Les Français face à leur prison : faire parler les chiffres des résultats de l’enquête 

L’enquête publiée par la Fondation Jean-Jaurès le 9 avril dernier dévoile une réalité alarmante : les pourcentages, entre l’année 2000 et l’année 2018, concernant un regard sur les prisons que nous pourrions qualifier de « négatif », se sont accrus d’une façon très importante. Si nous prenons la catégorie « jugement sur le traitement des prisonniers en France », les réponses positives à la question « est-ce que les personnes détenues sont trop bien traitées ? » s’élèvent à 18% en 2000 et 50% en 2018. De même, pour la catégorie « fonction principale de la prison » : si, en 2000, 72% des personnes interrogées estimaient qu’elle devait être la « préparation à la réinsertion dans la société », en 2018 elles ne sont plus que 45% à le penser ; tandis que le taux par rapport à la mission de « priver les personnes détenues de liberté » passe de 21% en 2000 à 49% en 2018.

Suit la question sur les « facteurs d’explication des difficultés actuelles dans les prisons ». Qu’en pense la population française ? Une réponse stable est évoquée, bien qu’avec un infléchissement dans le temps : la surpopulation carcérale arrive en premier avec 71% en 2000, contre 79% en 2018. Toutefois, concernant les autres facteurs, il existe encore des différences à noter : « l’attitude des détenus » était un facteur d’explication des difficultés pour 24% des personnes interrogées en 2000, et pour 41% en 2018 ; « l’état des locaux » effrayait, en 2000, 41% de l’opinion publique, contre un moindre 26% en 2018 ; quant à « l’attitude des surveillants », elle compte pour 11% des personnes interrogées en 2000 et pour 5% d’entre elles en 2018.  

Le dernier constat vise la question sur l’adhésion à différentes mesures pour les prisons :

  • les réponses favorables sur « le renforcement des programmes de réinsertion » s’élevaient à 89% en 2000, contre 72% en 2018 ;
  • « la permission à un plus large accès à la prison aux intervenants extérieurs » (comme les enseignants, artistes, etc.) trouvait l’accord de 79% de la population en 2000, rétrogradant à 53% en 2018 ;
  • « la diminution du nombre de personnes en détention provisoire » rassemblait 64% d’opinions favorables en 2000, contre 47% en 2018 ;
  • « l’augmentation du budget des prisons pour améliorer les conditions de vie des détenus » avait l’accord de 77% des Français en 2000, avec une baisse vertigineuse à 40% en 2018 ;
  • 77% des personnes interrogées en 2000 approuvaient « l’augmentation du droit de visite aux personnes détenus », contre 37% en 2018.

Que faire de ces chiffres ? Qu’est-ce que ces pourcentages peuvent nous indiquer ?

Tout d’abord, une double observation : d’une part une mauvaise compréhension de ce qu’est la prison et une méconnaissance de son histoire ; d’autre part la détérioration du jugement porté sur celles-ci.
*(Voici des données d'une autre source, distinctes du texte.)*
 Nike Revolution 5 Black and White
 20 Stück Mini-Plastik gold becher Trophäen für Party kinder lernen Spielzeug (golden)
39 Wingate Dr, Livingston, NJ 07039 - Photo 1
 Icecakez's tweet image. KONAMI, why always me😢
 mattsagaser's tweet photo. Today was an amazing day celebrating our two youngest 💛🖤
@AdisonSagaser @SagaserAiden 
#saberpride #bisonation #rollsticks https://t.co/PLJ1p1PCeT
Au-delà de ce constat, cette mauvaise compréhension du système carcéral rejoint celle plus large de ses effets sur la société et de ses impacts concrets sur ses citoyens. Qu’il s’agisse du régime des prisons, du regard des Français ou de la position des personnes détenues elles-mêmes, la récidive se retrouve en être, à la fois, une des causes et un des effets.

À cet égard, les chiffres de l’enquête indiquent que, malgré la connaissance correcte des conditions de détention des personnes sondées, la mauvaise compréhension de cette réalité carcérale ne leur permet pas de saisir les conséquences que cette même réalité pourrait engendrer, notamment en matière de récidive. Le lien entre conditions carcérales et récidive ne semble pas se faire spontanément. Or, il s’agit d’un problème crucial, et c’est certainement le défaut de connaissance de ses soubassements historiques – tout aussi bien problématiques au XIXe siècle – qui pourrait expliquer, en partie, la difficulté de l’opinion publique à être sensibilisée face au traitement, parfois indigne, des personnes détenues.
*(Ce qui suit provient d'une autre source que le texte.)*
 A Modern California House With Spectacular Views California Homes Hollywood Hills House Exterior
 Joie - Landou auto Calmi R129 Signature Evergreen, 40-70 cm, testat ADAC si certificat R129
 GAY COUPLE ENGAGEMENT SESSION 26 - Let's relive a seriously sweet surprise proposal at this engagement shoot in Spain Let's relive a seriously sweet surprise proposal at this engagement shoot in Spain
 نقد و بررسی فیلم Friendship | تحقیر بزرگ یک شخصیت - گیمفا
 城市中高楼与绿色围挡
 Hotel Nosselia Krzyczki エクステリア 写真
La récidive dans l’histoire : quelques rappels d’un problème éternel

Mais qu’est-ce que la récidive ? Rappelons tout d’abord qu’afin de l’étudier, il faut la considérer en rapport à la prison, l’individu et le social, puisqu’il s’agit d’une articulation incontournable qui diverge et converge continuellement, mais à considérer conjointement. Ainsi, ne prendre qu’une de ces dimensions, sans tenir compte de deux autres, n’éclaire qu’une part de la réalité carcérale. Nous chercherons, par conséquent, à garder en filigrane de nos propos ces trois dimensions, comme trois cercles noués ensemble.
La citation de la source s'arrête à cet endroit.